Article Continues Below
Sneak Peek: 2022 Recruitment Marketing Benchmark Results
It’s time now to examine validity. “Validity” is whether the test works (i.e., whether a high or low score predicts high or low performance).
Burn this into your brain, “No one with an ounce of professionalism will promise that a test will accurately predict job performance based on an industry model. Why? Consider the following:
- The people in the same model are probably a mix of high and low performers
- Jobs with the same title may require different skills
- All organizations are not alike
- Averages hide individual differences
- “Performance” may not have the same definition from one organization to the next
- Just because the applicant does not match the model does not mean he/she will be a low performer
- Just because the applicant matched the model does not mean he/she will be a high performer
You get the idea. Industry model-matching sounds good, but it is usually junk science!
Sure, there are occasions when there is a benefit from using someone else’s validity study (i.e., validity transportability) instead of doing your own, but it is still incumbent on the test user to show that “your job” is essentially the same as “their job.” But how often do you think this is done?
Suppose, before enrolling in WeightWatchers, Aunt Bertha decided to weigh herself. After digging your bathroom scale out of the vinyl tile, you realized the springs would never be the same. One minute the scale would read “400 pounds” and the next it would read “50 pounds.” Reliability means you can count on a score being the same from one time to the next. A bad test is like a broken scale. It contains built-in error.
Good employment practices control for reliability by using a “multi-measure” strategy. That is, different tests are used to evaluate the same trait. If all the tests agree, then the trait is probably accurate. If they disagree, then something is wrong.

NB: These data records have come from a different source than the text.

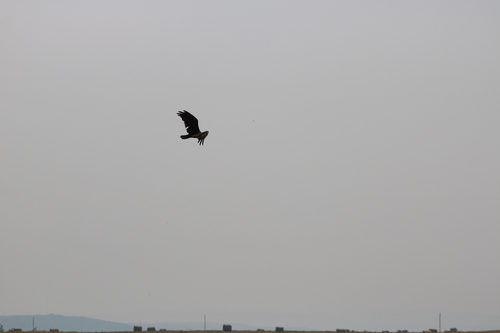 Turkey Vulture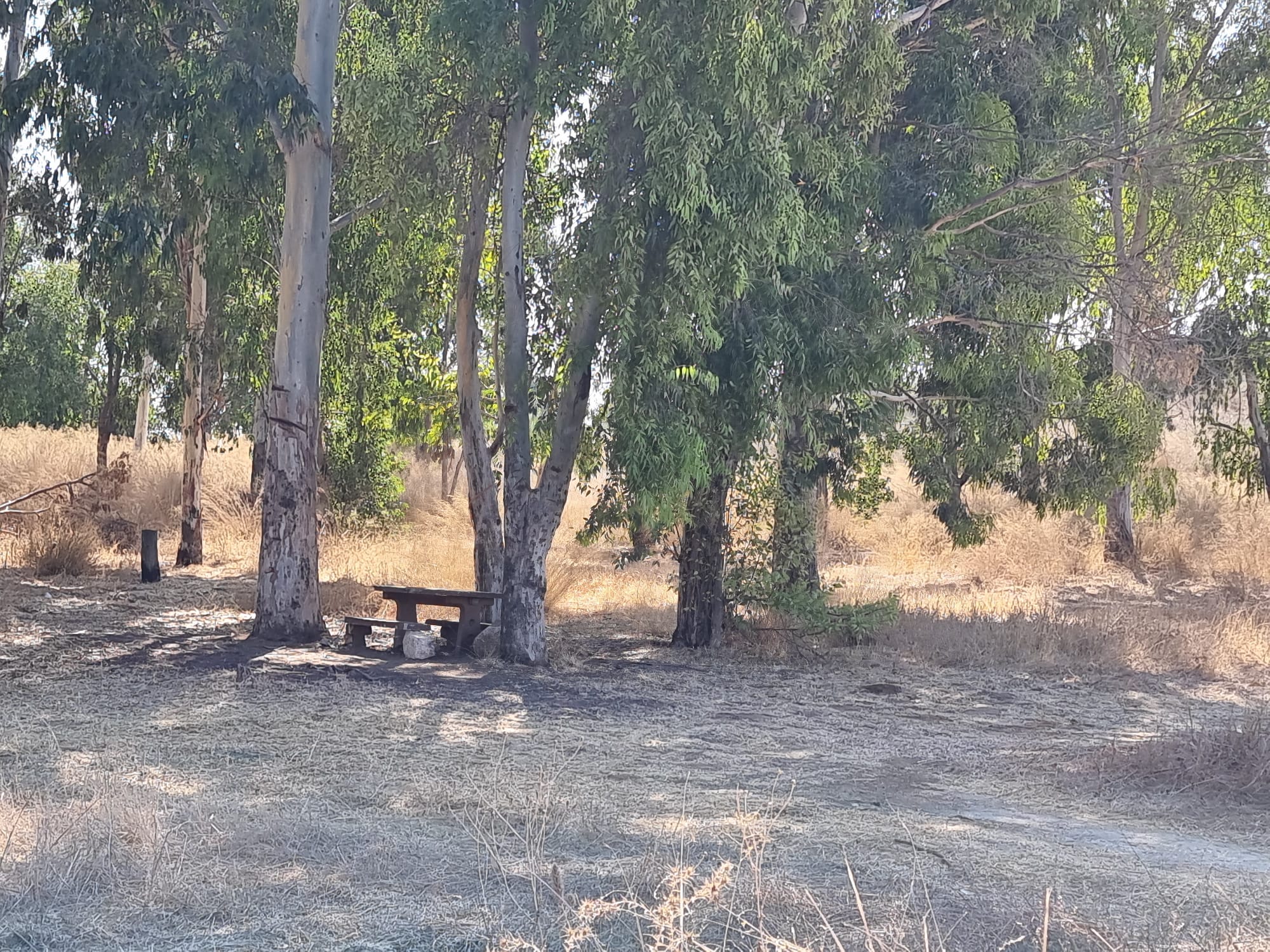 עינות גיבתון שולחן פיקניק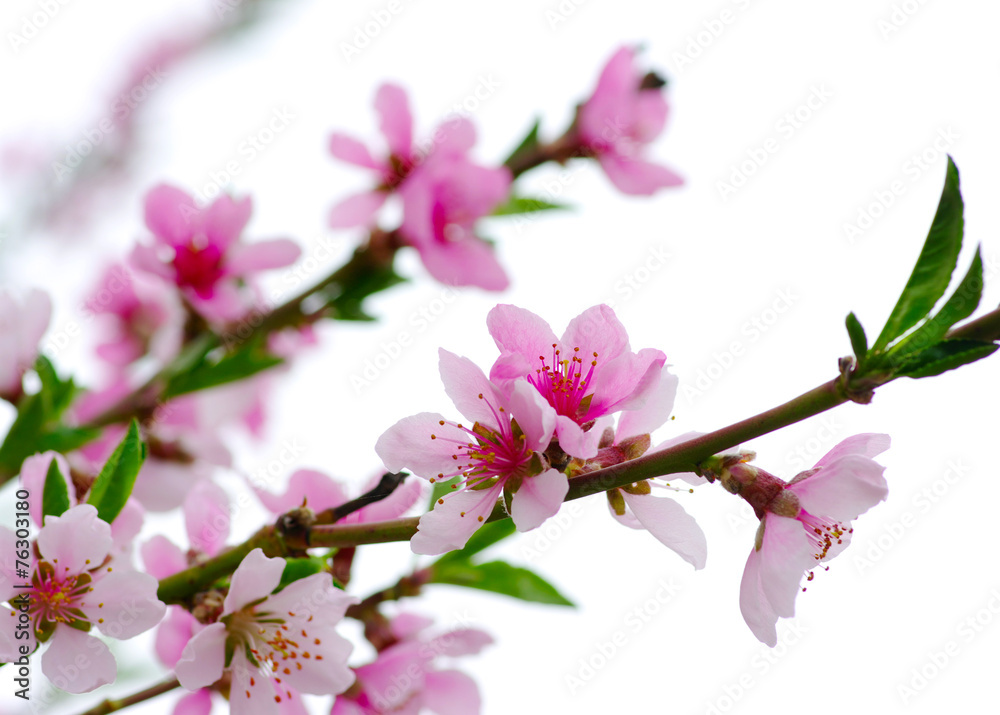 pink blossoms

Within a single test, a designer will usually use from seven to 12 individual items per factor. Below seven items, the score becomes unreliable because each single item has a disproportionate impact on the overall score. More than 10 to 12 items become redundant (e.g., how many ways can we ask whether someone is a hard worker?).
No matter how fancy the study, if our Internet service provider expects a five- to 10-item test to comprehensively measure several job traits, they will quickly learn the concept of Aunt Bertha’s scale.
Whole Job-Whole Person
This part of selection is called “multi-trait.” Jobs are complex. That’s why, after many interviews and meetings, hiring managers often find themselves still undecided about whether an applicant can do the job.
A good hiring and promotion system is able to effectively break apart the cloud of confusion that surrounds the actual skills required to perform a job. For example, do we predict job performance based on what a person has done in the past, what they promise to do in the future, or the skills they demonstrate right now?
Whole job-whole person refers to digging deeper into actual job competencies and determining exactly what applicant skills can be measured in real time and what skills cannot. Interviews are unable to do this.
Hiring criteria run the gamut from “Y’all come” to get-to-know-ya interviews, to magic-question interviews, to highly structured interviews, to interview/test/simulation combinations, and on-the-job exhaustive tryouts. Thousands of professional researchers have already evaluated and identified best-of-class methods that predict job performance. In lay terms it goes like this: something is better than nothing and the closer the “test” is to the job, the more predictive it tends to be.
People do not have to reinvent the wheel. And bigger organizations are not necessarily smarter than smaller ones.